Six or so years ago, Frank Longo, MD, PhD, Stanford’s chair of neurology and neurological sciences, was optimistic that a treatment for Alzheimer’s disease was on its way. More than a decade earlier, pharmaceutical companies had begun testing drugs to eradicate one of its hallmark signs—clumps of protein sprinkled randomly throughout the brain. The drugs were antibodies that bind to the protein, called beta amyloid, or A-beta for short.

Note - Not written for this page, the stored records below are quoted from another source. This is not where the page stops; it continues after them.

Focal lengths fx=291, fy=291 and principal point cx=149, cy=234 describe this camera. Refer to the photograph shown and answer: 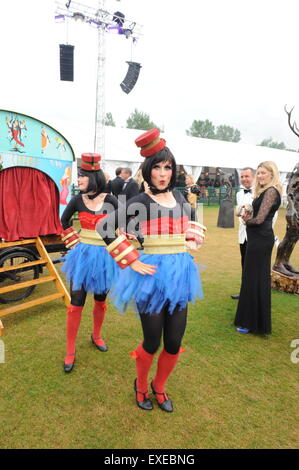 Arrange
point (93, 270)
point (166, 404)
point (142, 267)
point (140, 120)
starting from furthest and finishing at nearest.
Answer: point (140, 120) < point (93, 270) < point (166, 404) < point (142, 267)

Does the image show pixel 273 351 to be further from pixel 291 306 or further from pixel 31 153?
pixel 31 153

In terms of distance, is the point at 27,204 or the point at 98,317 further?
the point at 27,204

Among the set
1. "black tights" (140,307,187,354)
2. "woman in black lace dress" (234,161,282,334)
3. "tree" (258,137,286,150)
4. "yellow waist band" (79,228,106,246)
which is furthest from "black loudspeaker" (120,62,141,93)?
"tree" (258,137,286,150)

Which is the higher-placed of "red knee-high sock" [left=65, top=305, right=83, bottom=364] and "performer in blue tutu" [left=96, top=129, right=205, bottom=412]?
"performer in blue tutu" [left=96, top=129, right=205, bottom=412]

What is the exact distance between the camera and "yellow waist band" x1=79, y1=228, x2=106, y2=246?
276 cm

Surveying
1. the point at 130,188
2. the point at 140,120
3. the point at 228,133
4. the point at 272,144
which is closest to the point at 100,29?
the point at 130,188

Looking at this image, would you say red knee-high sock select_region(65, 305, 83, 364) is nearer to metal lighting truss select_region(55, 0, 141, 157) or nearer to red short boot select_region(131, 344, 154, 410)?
red short boot select_region(131, 344, 154, 410)

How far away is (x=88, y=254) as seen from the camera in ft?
9.02

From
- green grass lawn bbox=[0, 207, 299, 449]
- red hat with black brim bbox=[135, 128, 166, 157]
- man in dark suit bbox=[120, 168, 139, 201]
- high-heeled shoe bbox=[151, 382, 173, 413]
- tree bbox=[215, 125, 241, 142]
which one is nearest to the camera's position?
red hat with black brim bbox=[135, 128, 166, 157]

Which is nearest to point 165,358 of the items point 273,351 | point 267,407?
point 267,407

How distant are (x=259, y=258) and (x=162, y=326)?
6.09 feet

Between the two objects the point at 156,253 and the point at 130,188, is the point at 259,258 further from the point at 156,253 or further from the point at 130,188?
the point at 130,188

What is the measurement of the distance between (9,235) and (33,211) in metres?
0.47

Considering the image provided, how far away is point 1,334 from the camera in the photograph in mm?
3338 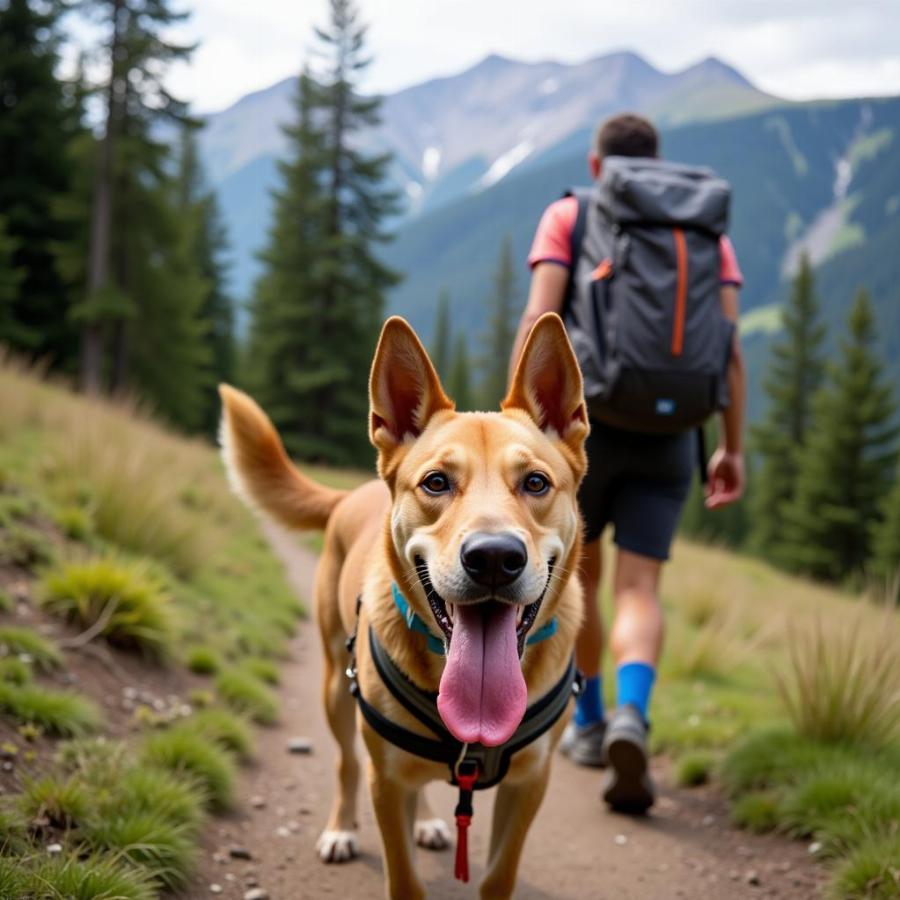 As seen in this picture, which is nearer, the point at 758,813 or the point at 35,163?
the point at 758,813

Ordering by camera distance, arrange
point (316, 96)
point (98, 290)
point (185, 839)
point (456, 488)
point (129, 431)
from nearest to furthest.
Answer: point (456, 488) → point (185, 839) → point (129, 431) → point (98, 290) → point (316, 96)

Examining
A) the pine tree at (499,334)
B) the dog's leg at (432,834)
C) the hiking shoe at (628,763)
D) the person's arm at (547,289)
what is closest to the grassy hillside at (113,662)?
the dog's leg at (432,834)

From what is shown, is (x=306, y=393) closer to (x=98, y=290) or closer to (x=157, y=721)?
(x=98, y=290)

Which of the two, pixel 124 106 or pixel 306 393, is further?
pixel 306 393

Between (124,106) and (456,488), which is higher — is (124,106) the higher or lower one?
the higher one

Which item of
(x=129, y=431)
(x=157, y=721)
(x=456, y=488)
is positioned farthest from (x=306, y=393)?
(x=456, y=488)

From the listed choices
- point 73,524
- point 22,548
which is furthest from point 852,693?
point 73,524

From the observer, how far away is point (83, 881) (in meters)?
2.43

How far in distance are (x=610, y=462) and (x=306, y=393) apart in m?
24.5

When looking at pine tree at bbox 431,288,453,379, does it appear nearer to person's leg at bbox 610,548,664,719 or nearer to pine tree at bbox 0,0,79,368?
pine tree at bbox 0,0,79,368

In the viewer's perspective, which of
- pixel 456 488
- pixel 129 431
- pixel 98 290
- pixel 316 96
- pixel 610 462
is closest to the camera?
pixel 456 488

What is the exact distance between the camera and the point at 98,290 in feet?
66.5

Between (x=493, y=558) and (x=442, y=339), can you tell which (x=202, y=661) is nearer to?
(x=493, y=558)

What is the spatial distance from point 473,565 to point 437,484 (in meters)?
0.41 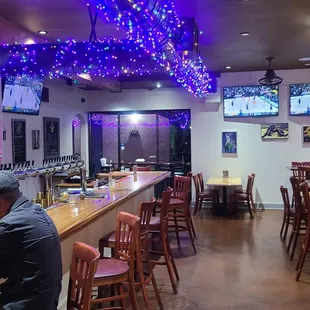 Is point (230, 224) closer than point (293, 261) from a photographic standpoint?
No

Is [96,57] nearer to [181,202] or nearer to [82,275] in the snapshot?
[181,202]

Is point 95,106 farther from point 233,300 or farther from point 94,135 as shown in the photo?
point 233,300

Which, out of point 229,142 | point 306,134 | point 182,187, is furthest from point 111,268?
point 306,134

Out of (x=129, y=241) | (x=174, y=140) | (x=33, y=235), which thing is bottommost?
(x=129, y=241)

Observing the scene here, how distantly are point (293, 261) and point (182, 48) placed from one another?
9.78 feet

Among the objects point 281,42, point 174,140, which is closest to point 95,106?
point 174,140

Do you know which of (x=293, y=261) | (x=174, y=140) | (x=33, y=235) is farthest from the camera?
(x=174, y=140)

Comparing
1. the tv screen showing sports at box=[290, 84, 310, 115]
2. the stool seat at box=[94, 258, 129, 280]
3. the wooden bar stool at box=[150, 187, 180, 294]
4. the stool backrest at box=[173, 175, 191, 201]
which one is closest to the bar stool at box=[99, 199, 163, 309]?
the wooden bar stool at box=[150, 187, 180, 294]

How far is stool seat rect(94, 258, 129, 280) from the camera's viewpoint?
2.90 metres

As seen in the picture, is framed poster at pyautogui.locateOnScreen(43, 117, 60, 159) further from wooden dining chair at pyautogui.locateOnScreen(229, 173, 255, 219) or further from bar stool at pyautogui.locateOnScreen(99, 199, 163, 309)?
bar stool at pyautogui.locateOnScreen(99, 199, 163, 309)

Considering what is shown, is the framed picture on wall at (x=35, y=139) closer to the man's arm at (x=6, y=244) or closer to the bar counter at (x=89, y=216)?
the bar counter at (x=89, y=216)

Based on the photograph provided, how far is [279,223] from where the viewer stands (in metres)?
7.55

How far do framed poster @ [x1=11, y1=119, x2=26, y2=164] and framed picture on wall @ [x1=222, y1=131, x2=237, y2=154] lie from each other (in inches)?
171

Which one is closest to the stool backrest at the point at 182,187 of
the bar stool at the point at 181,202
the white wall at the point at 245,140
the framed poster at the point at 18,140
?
the bar stool at the point at 181,202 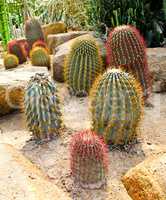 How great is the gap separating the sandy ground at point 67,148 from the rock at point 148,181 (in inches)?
4.6

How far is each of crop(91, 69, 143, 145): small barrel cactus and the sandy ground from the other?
18 centimetres

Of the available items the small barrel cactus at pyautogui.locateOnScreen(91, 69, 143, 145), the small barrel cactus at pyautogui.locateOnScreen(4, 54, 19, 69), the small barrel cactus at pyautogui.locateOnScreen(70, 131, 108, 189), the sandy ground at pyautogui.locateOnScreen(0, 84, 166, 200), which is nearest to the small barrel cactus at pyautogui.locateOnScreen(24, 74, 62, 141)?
the sandy ground at pyautogui.locateOnScreen(0, 84, 166, 200)

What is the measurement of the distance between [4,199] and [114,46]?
2.66m

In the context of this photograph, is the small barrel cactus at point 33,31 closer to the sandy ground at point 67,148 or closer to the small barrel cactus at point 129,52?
the sandy ground at point 67,148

“They poured a lot of money into clinical trials of these antibodies in Alzheimer’s patients,” Longo said. “And by around five years ago, with the conclusion of early-stage trials, it looked like they might succeed. So, many in the field—including me—had some guarded optimism that when the pivotal phase-3 trials were completed, this approach would have at least some beneficial effect.”
On the order of 30 million people worldwide, including more than 5 million Americans, have Alzheimer’s, the most common form of dementia, which raids the brain and steals a person’s ability to remember, reason and imagine. Barring substantial progress in curing or preventing it, Alzheimer’s will affect 16 million U.S. residents by 2050, according to the Alzheimer’s Association. The group also reports that the disease is now the nation’s most expensive, costing over $200 billion a year. Recent analyses suggest it may be as great a killer as cancer or heart disease.